L’appel réussi des obligations vertes

Emergence Plaza, propriétaire du complexe commercial ivoirien Cosmos Yopougon, a émis pour 10 milliards de F.CFA d’obligations vertes. Une première réussie en Afrique francophone qui appelle d’autres initiatives similaires.
Par Laurent Soucaille
Vif succès pour les « obligations vertes » d’Emergence Plaza. Le propriétaire du complexe commercial le plus visité de Côte d’Ivoire, Cosmos Yopougon, a émis des obligations à huit ans, offrant un rendement de 7,5%.
Le produit de l’émission de 10 milliards de F.CFA (15,25 millions d’euros) sera utilisé pour refinancer un prêt bancaire (à 9%) et pour accompagner les futurs projets de l’entreprise en renforçant sa solidité financière et opérationnelle.
Le marché mondial des émissions d’obligations vertes, qui connaît une croissance rapide, a peu bénéficié aux Africains. Le continent a émis 3,96 milliards $ d’obligations vertes, contre 300 milliards $ pour l’ensemble du monde. Et seuls 64 millions $ ont été émis par des sociétés non-financières, avant l’opération de Cosmos Yopougon.
L’opération a mis en avant les avantages du financement vert auprès des entreprises et investisseurs de la région.
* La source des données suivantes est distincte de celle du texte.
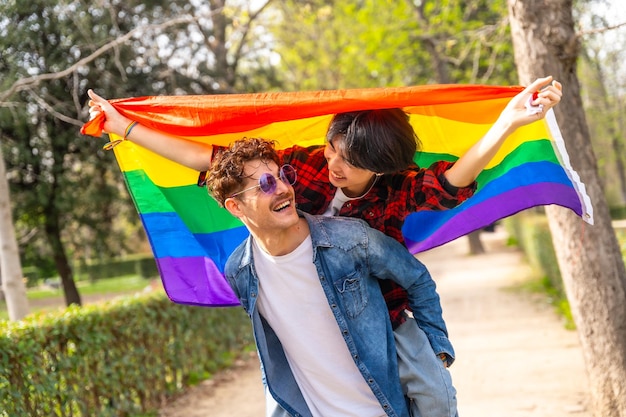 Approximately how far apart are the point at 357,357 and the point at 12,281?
5.24 meters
Construire vert permet aussi d’obtenir un financement compétitif. Voilà qui ouvre la voie à davantage de projets écoresponsables et durables.
L’opérateur immobilier devient ainsi l’une des trois seules sociétés non financières africaines à émettre des obligations vertes, après Acorn Holdings (Kenya) et North South Power Company (Nigeria).
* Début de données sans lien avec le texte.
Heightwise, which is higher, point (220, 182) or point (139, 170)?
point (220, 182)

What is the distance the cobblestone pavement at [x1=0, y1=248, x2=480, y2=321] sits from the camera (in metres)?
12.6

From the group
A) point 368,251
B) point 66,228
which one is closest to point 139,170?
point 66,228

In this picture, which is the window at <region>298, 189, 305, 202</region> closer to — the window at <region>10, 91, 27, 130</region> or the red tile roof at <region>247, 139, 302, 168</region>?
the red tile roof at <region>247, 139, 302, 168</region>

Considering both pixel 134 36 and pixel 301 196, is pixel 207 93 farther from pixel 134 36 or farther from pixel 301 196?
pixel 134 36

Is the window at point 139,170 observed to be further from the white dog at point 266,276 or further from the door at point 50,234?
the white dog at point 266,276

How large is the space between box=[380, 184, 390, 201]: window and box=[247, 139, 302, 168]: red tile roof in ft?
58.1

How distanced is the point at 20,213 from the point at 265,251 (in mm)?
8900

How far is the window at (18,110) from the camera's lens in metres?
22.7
Cette émission constitue également la première obligation verte émise par une société ouest-africaine du secteur de l’immobilier. « Une large partie de l’Afrique n’a pas été en mesure de profiter de l’engouement international pour les obligations vertes stimulant un commerce respectueux de l’environnement et réduisant les coûts d’emprunt pour ceux qui sont en mesure de démontrer leurs impacts environnementaux positifs», commente Jean François Brou, directeur général de la Société ouest-africaine de gestion d’actifs.
Laquelle SOAGA a souscrit à l’opération d’Emergence Plaza. « Je pense que cette transaction historique contribuera à donner le coup d’envoi à davantage d’émissions d’obligations vertes de la part d’entreprises locales voyant l’intérêt d’aligner leurs activités à des objectifs écologiques et commerciaux vérifiés de manière indépendante. »
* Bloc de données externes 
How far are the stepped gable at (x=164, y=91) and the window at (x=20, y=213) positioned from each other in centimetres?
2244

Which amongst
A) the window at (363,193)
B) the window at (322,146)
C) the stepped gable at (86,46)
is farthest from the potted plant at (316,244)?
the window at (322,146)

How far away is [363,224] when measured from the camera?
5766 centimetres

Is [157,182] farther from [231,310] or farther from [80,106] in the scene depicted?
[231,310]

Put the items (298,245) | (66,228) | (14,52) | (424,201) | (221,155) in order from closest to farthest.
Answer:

Une démarche qui n’est pas nouvelle : en ouvrant ses portes en 2018, le centre commercial Cosmos Yopougon a été le premier bâtiment d’Afrique de l’Ouest et centrale francophone à recevoir le certificat de bâtiment vert EDGE de la SFI (Société financière internationale). En 2020, en utilisant les recommandations EDGE pour optimiser sa consommation d’énergie, Cosmos Yopougon a réduit ses émissions de carbone de 44 %.
Cela ne coûte pas plus cher d’être vert
Cette émission sera « la première d’une longue série dans la région », considère Kadi Fadika-Coulibaly, Managing Partner de Hudson & Cie, l’arrangeur de l’opération. « Le développement de ce marché est d’autant plus important qu’il répond à l’enjeu sur le changement climatique, à savoir, la nécessité pour les émetteurs et les investisseurs de se concentrer davantage sur les questions de développement durable. »
De plus, le marché reconnaît le potentiel des obligations vertes dans le soutien des investissements et le développement immobilier plus respectueux de l’environnement.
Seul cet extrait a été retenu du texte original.